А вот в плане прагматическом ваш вопрос действительно серьезен: существуют ли такие силы, которые способны не угождать потребительскому человеку, а увлекать на другой путь — путь аскезы. Сегодня элиты — искатели немедленного успеха, они потому так беззастенчиво раздают обещания. Элита же, которая достойна этого названия,— не искательна, она предлагает человеку самый трудный путь, защищает ценности в условиях, когда они непопулярны. Я, честно говоря, не вижу вокруг таких элит. Но есть же христианский парадокс: утешение сродни отчаянию. Это означает, что мы не должны думать о перспективах человечества, исходя из наличных стартовых условий.
Ну, вот в истории есть богатейшая цивилизация, к примеру римская,— и вдруг центр мира смещается, уходит от нее на провинциальный север Европы и там расцветает человеческая энергетика. Значит, чудо духа случается! Не отменена еще старая истина, что сила человека в духе, что человек — существо религиозное, и если он воодушевлен высокими идеями, то сильнее тех, кто вооружен материально. Поэтому элиты появятся, они не могут не появиться в ответ на кризис.
— Сейчас, при новых информационных возможностях, способность массового общества все переварить и сделать по мерке толпы просто безгранична. Правда, вопрос в том, бесконечна ли эта возможность и не натолкнется ли она на какой-то импульс, который не сможет переварить.
— В том-то и дело! Я думаю, что всесилие масскультуры, всесилие рекламы — не абсолютно, оно встречает готовность масс быть манипулируемыми. Но сохранится ли эта готовность? Может ведь так случиться, что массы, поняв неотвратимость висящего над ними дамоклова меча, откажутся быть манипулируемыми? Есть некий рубеж, некая грань, когда человек должен подтвердить, что он Homo sapiens.
Сейчас проблема стоит так: какая из цивилизаций способна предложить мощную духовную альтернативу, способную справиться с кризисом? Если Запад запоздает, он утратит свою гегемонию в мире. Вот где решаются судьбы Запала. А вовсе не на Марсе.

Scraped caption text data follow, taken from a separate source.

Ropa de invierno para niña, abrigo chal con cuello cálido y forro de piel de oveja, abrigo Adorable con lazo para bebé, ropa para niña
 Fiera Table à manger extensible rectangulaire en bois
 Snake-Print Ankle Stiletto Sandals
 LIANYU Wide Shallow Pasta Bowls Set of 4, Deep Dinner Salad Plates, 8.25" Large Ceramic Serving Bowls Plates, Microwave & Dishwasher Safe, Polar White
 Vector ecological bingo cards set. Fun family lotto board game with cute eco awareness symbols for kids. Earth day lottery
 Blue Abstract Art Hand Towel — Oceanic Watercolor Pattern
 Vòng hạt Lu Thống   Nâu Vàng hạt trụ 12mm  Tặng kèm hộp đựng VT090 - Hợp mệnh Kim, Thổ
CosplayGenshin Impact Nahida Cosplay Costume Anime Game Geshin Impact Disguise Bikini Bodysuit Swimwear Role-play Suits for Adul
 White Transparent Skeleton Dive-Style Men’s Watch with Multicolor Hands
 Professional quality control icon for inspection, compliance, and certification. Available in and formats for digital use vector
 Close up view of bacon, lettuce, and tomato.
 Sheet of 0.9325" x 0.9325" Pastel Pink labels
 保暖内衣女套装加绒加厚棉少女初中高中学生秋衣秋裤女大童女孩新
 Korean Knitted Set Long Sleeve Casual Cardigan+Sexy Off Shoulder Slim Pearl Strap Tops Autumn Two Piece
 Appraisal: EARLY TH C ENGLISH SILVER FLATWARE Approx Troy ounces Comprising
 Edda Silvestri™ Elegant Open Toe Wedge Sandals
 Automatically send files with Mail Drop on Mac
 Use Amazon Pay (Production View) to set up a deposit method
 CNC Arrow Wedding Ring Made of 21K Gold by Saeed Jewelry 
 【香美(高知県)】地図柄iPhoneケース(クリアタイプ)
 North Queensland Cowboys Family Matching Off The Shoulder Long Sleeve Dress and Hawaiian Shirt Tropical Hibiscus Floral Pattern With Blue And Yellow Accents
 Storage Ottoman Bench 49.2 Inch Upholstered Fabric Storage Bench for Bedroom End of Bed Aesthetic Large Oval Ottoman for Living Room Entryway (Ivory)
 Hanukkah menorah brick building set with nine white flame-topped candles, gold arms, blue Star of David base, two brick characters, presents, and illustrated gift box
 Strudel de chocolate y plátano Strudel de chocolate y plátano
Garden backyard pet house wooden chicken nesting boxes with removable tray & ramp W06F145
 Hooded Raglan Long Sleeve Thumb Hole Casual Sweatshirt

— Способность других цивилизаций воспринимать иной цивилизационный опыт доказана самим Западом. Когда Запад говорит о вестернизации, он неправ в ценностном смысле, но он прав в том, что способность человечества к культурному диалогу и цивилизационным заимствованиям очень велика. Дело не в этом, а в том, что есть за душой у других цивилизаций.